Input data —

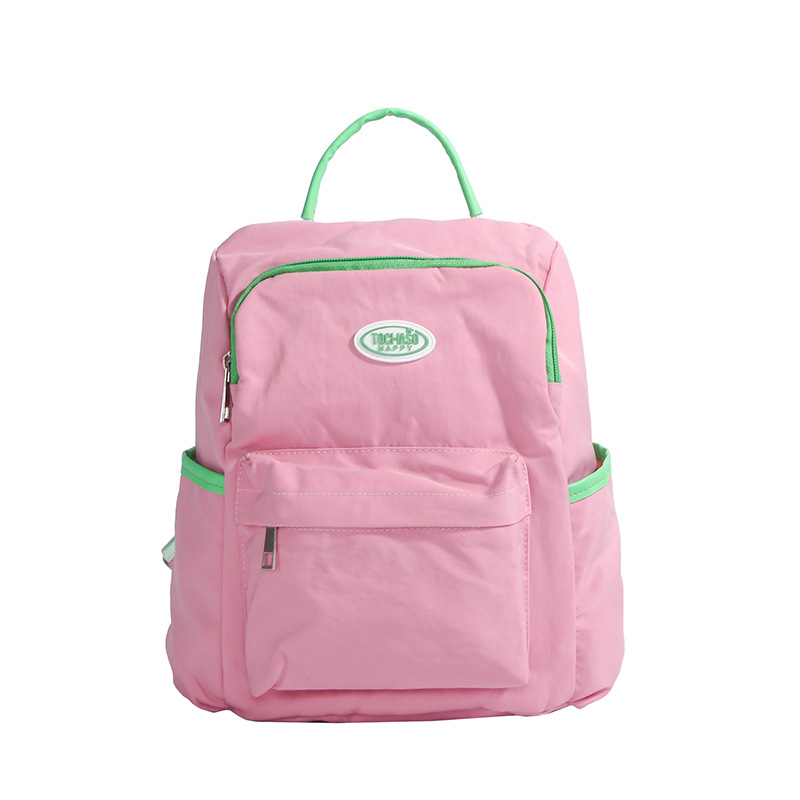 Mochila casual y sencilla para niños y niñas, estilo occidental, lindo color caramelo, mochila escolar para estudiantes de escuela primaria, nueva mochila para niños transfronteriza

...

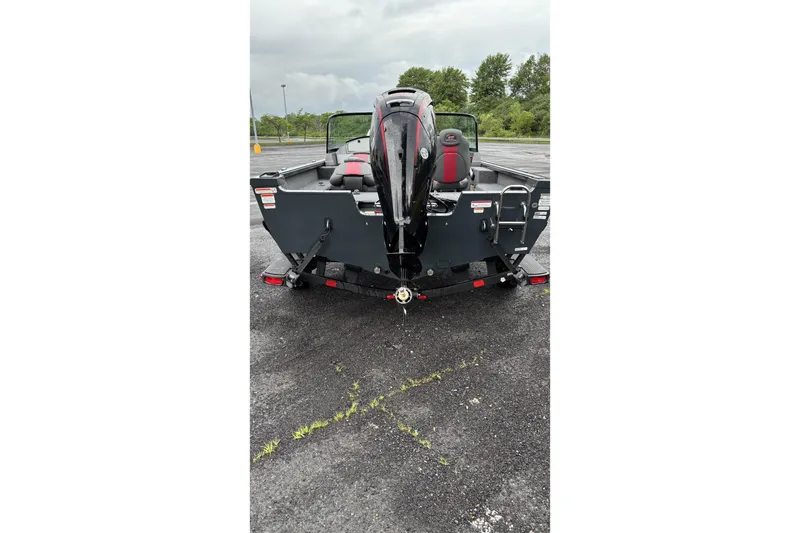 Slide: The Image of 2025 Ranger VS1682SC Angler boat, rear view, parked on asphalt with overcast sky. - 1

---

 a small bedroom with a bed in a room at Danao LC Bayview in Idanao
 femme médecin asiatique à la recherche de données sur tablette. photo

Exercise brief — Give back exactly the lines above, from the line containing "a small bedroom" through the line containing "femme médecin asiatique", with both end lines and nothing more.

Response below —
 a small bedroom with a bed in a room at Danao LC Bayview in Idanao
 femme médecin asiatique à la recherche de données sur tablette. photo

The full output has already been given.